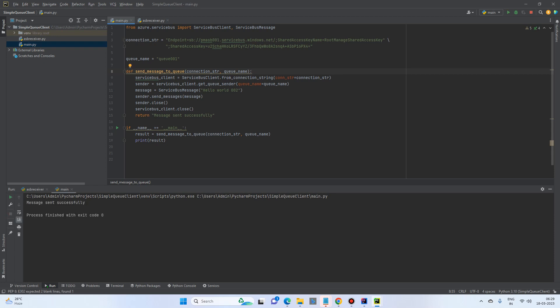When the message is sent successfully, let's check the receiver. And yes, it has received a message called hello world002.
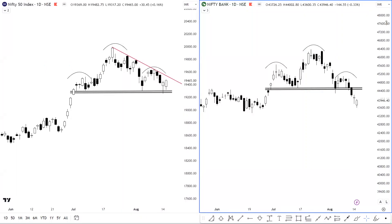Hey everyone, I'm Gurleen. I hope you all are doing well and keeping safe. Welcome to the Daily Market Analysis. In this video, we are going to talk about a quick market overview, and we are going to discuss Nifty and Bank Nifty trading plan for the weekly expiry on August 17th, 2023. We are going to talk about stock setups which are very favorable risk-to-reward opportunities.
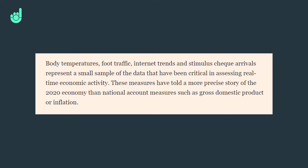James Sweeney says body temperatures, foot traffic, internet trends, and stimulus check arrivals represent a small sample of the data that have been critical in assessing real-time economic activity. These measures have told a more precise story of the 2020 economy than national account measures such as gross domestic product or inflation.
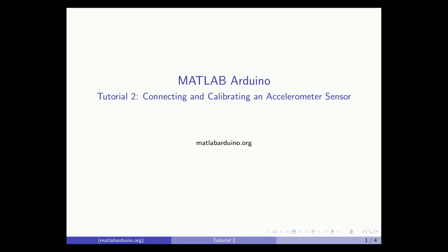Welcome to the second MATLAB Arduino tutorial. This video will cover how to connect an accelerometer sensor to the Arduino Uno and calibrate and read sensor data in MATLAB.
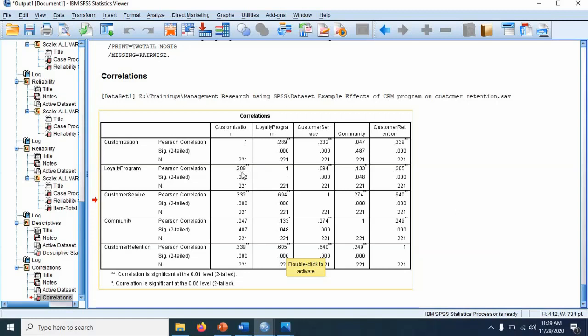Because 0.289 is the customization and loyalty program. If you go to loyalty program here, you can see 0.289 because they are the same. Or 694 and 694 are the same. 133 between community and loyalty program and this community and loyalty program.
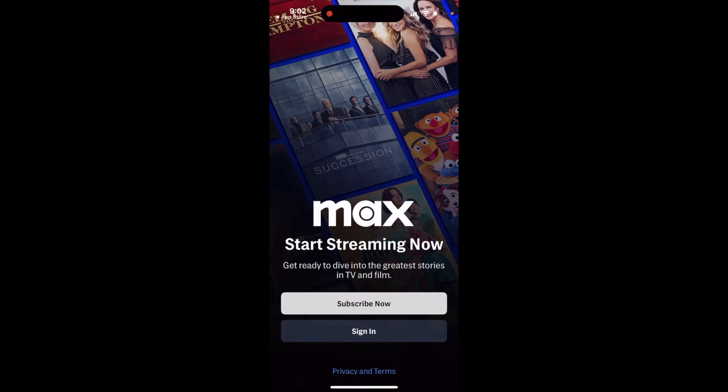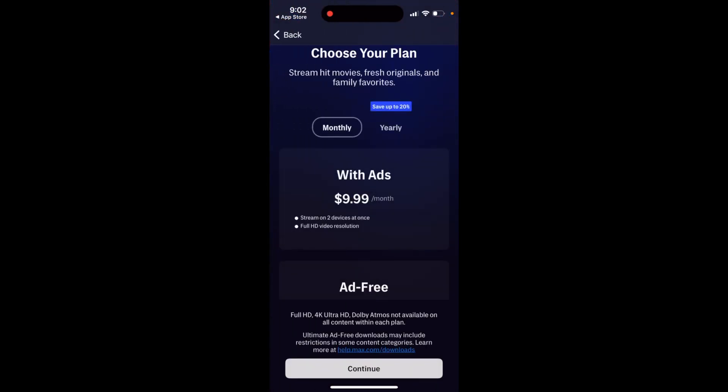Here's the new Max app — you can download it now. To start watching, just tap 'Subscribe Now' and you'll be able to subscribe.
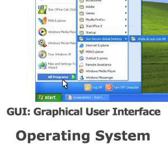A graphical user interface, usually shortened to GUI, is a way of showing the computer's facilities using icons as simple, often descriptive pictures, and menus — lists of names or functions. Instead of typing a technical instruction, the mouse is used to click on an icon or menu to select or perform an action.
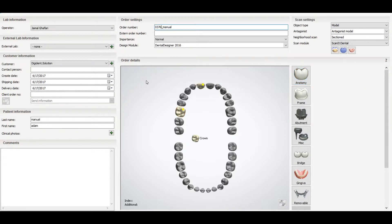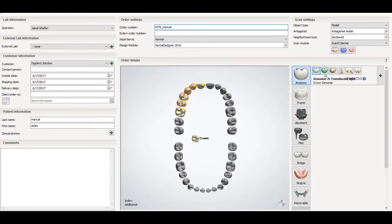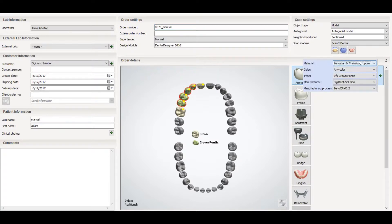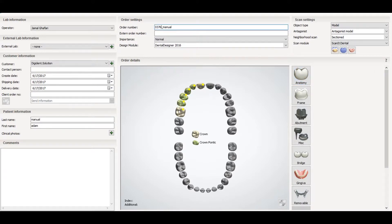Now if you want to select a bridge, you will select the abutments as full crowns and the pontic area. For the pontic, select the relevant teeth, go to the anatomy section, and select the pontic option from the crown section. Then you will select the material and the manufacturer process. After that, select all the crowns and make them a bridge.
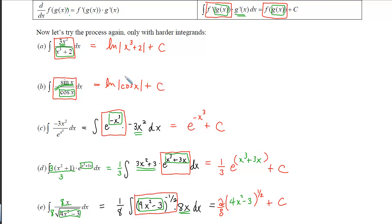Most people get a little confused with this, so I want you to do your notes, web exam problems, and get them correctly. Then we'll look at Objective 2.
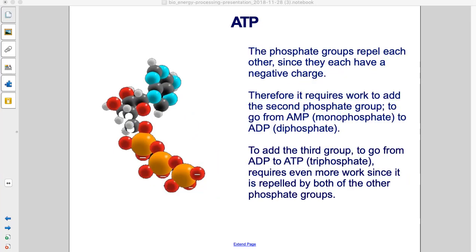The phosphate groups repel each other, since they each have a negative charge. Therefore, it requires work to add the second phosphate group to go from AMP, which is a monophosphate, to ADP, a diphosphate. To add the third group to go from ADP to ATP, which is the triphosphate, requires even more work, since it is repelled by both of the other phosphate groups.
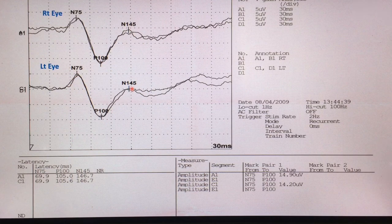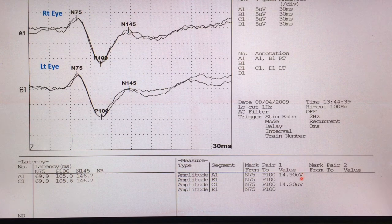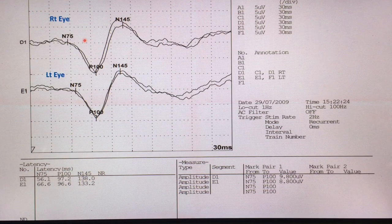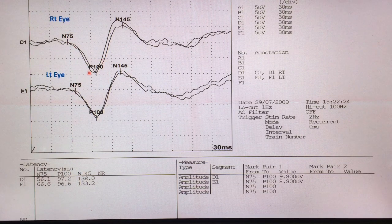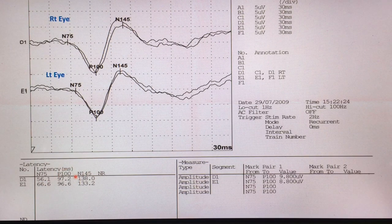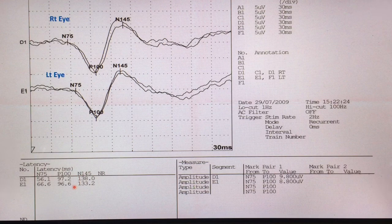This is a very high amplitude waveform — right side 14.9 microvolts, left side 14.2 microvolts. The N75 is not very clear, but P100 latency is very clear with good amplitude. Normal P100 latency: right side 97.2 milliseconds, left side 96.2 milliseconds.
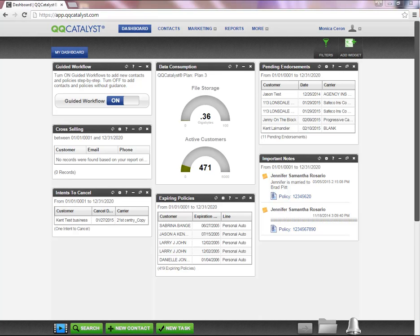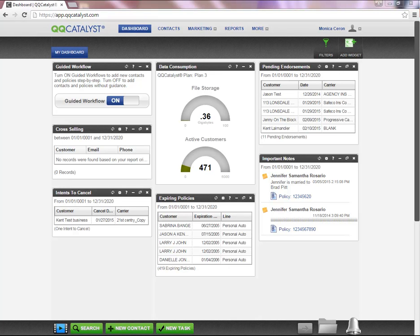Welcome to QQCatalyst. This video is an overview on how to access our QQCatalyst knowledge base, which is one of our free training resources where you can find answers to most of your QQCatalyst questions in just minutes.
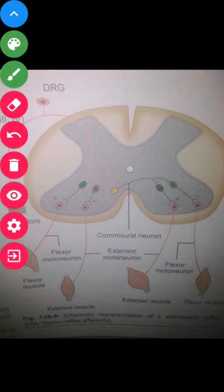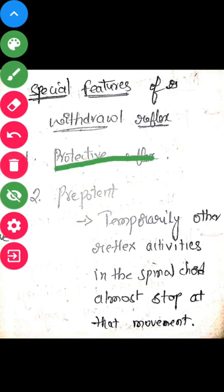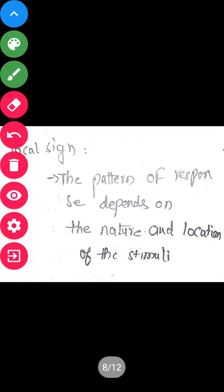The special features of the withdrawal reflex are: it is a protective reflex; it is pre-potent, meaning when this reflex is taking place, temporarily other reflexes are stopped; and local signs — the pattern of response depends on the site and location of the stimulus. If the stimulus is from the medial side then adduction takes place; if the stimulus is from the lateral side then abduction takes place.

DESCRIPTION OF THE TASK ▸ Give exactly the lines above that run from the line with "Here's the new" to the line with "Most people get", both included, leaving every picture out.

EXERCISE ANSWER ▸
Here's the new Max app — you can download it now. To start watching, just tap 'Subscribe Now' and you'll be able to subscribe.
A graphical user interface, usually shortened to GUI, is a way of showing the computer's facilities using icons as simple, often descriptive pictures, and menus — lists of names or functions. Instead of typing a technical instruction, the mouse is used to click on an icon or menu to select or perform an action.
Now if you want to select a bridge, you will select the abutments as full crowns and the pontic area. For the pontic, select the relevant teeth, go to the anatomy section, and select the pontic option from the crown section. Then you will select the material and the manufacturer process. After that, select all the crowns and make them a bridge.
Most people get a little confused with this, so I want you to do your notes, web exam problems, and get them correctly. Then we'll look at Objective 2.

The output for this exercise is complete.